PROSECUTOR VOINEA’S CAMPAIGN TO SANITIZE

THE ROMANIAN REVOLUTION OF DECEMBER 1989

by Richard Andrew Hall

Disclaimer:  All statements of fact, opinion, or analysis expressed are those of the author and do not reflect the official positions or views of the Central Intelligence Agency (CIA) or any other U.S. Government agency.  Nothing in the contents should be construed as asserting or implying U.S. Government authentication of information or CIA endorsement of the author’s views.  This material has been reviewed by CIA to prevent the disclosure of classified information.

This paper MAY be cited when accompanied by a full, proper citation.  Thank you.


The Drumbeat of the Myth of the “Heroic” Prosecutor Voinea Grows Nearer

The construction of Prosecutor Dan Voinea’s “heroic” image—better yet, myth[175]—is well under way.  No doubt, the story will be ineluctable for the international press (already in June 2006 Le Monde ran an article of the kind)[176] once Voinea “finalizes” the files of the Revolution, perhaps this December, in time for the 17th anniversary of the events (fittingly, a decade since the anti-Iliescu opposition first came to power).  And it undeniably makes for a great story:  the man who was one of the tribunal that sentenced Ceausescu to death “admits to having been duped,” he has since committed himself to a one-man struggle for the “truth”…and finally it is being realized.  Romania’s long nightmare, as Voinea has referred to it, will finally be over. [177]

Or will it?

Even if Voinea were getting things right, it is true the second-guessing, questioning, and reconsideration would continue.  That is simply the nature of human events, especially contentious key historical moments in a modern media age.  But I believe the accumulation through the years of so much convincing countervailing evidence, the continued telling and retelling by participants of accounts that don’t square with Voinea’s forced conclusions—despite the deaf ear much of the Romanian media has shown toward them—and Voinea’s ties to the Ceausescu regime (a military prosecutor since 1982) and his presence and role at the trial of the Ceausescus, will provide more impetus for reinterpretation and challenges to Voinea’s conclusions than a typical historical event does.
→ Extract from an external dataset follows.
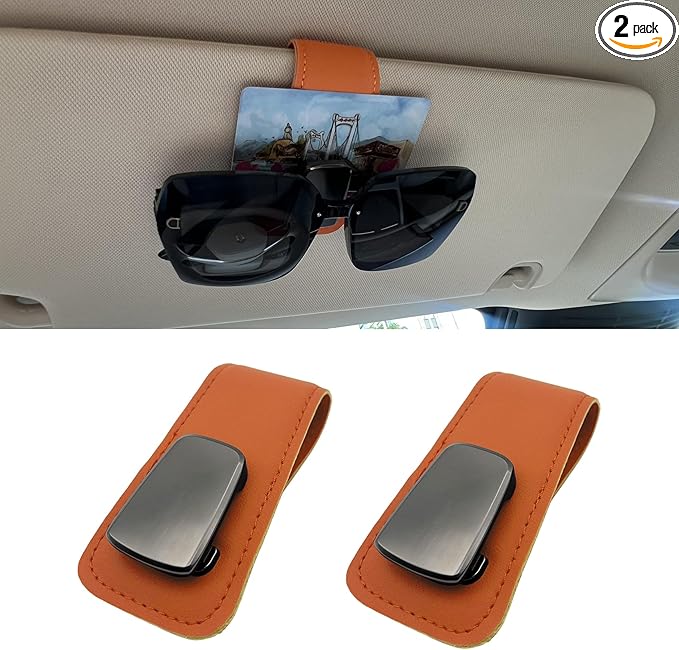 Sunglasses Holders for Car Visor, Visor Accessories, Magnetic Leather Sunglasses Holder and Ticket Card Clip, Eyeglass Hanger Clip Auto Interior Accessories Fit for Most Cars (Orange)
At the same time, the “group think” among Romanian journalists and intellectuals that has prevailed on the question of the “terrorists” for so long and the conviction and certainty of so many of them—captured so well in Stejarel Olaru’s wish expressed to Voinea in his open letter quoted earlier:  “…on 17 December 2006 I can enjoy for the rest of my long life that I could see two defendants in the box and not just one:  Nicolae Ceausescu and Ion Iliescu”—will continue to prevent acceptance and serious presentation and discussion of any evidence that does not incriminate Iliescu and other senior Front officials of the time.

So the next stage in this—and one cannot be clear how long this will take or how strong it will be—is likely the argument that the “terrorists” did in fact exist, and that Voinea’s decision to argue otherwise is designed to protect Iliescu and his comrades from even greater embarrassment and punishment.[178] True, that will still leave us a fair distance from what happened, but at least it will bring us a step to closer to admitting the “terrorists” existence and revealing their affiliation with the Securitate.  Small steps are probably the best we can hope for, given the present starting point.

Until then the “terrorists” will remain only a hallucination.  For that feat, the only appropriate response to Prosecutor Voinea and his promoters and embracers at home and abroad is aplauze indelungate.[179]

[175] The terminology of “myth” has been used (and arguably abused) in connection with December 1989, almost from the beginning.  In English, Michael Shafir (1990 in Radio Free Europe Research) and Dennis Deletant (1994 in the Slavonic and East European Review) used it prominently.  Vladimir Tismaneanu’s excellent exegesis about mythological or “magical” thinking in post-communist Romania and the former Eastern Europe is even entitled Fantasies of Salvation—a play on words undoubtedly meant to conjure up and inspired by Iliescu and Co.’s “National Salvation Front”…(all-too-conveniently, of course, those who believe in and advocate myths, according to Tismaneanu, are the opponents and competitors of liberal democratic intellectuals such as Tismaneanu).   Monica Ciobanu’s review of Siani-Davies The Romanian Revolution of December 1989 and Tom Gallagher’s Modern Romania:  Theft of a Nation is entitled “The Myth Factory” (found at http://www.tol.cz).

[176] See Paul Mirel Bran, “Le parquet militaire promet un ‘rapport explosif’ sur les dessous de la revolution,” Le Monde, 18 May 2006, online edition.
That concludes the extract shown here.